How do we shape the future?
Stephen Hawking (1942-2018) requires no introduction. His life story is well known, his discoveries and scientific theorizing well publicized and his wide appeal as a public intellectual undiminished. “People have always wanted answers to the big questions,” Hawking says. “Where did we come from? How did the universe begin? What is the meaning and design behind it all? Is there anyone out there?” As a Christian I certainly agree. It’s what St Augustine was referring to, I think, when he spoke in his Confessionsof our “restless hearts.” We can suppress the search, of course, or be so distracted as to ignore the questions for a while, but they remain and occasionally—at points of crisis and uncertainty, for example—they literally demand our attention.

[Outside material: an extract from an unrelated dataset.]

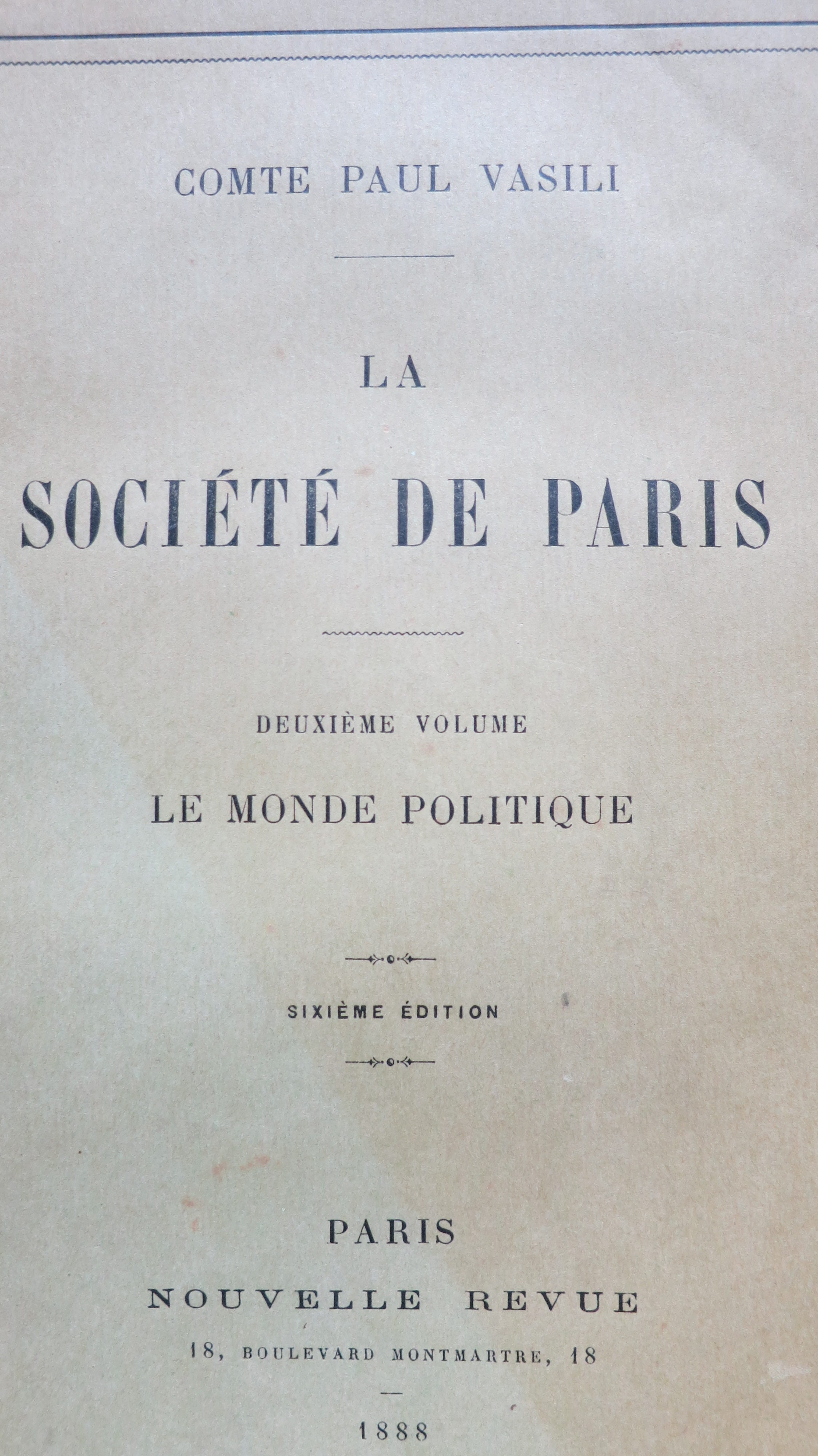 La Société de Paris Le Monde politique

“The creation accounts of the past,” Hawking continues, “now seem less relevant and credible.” I disagree, though popular (per)versions of them have rightly revealed themselves to be neither credible or plausible. “They have been replaced by a variety of what can only be called superstitions, ranging from New Age to Star Trek. But real science can be far stranger than science fiction, and much more satisfying.” Again, I agree. Unsurprisingly, Hawking’s answers to the big questions are based on the conclusions and assumptions of modern science, which for many today is seen as the only possible source of ultimate knowledge for life and reality.
Brief Answers to the Big Questions begs to be read and discussed. Please do so—and be certain to include friends who will find Hawking’s Naturalism to be credible.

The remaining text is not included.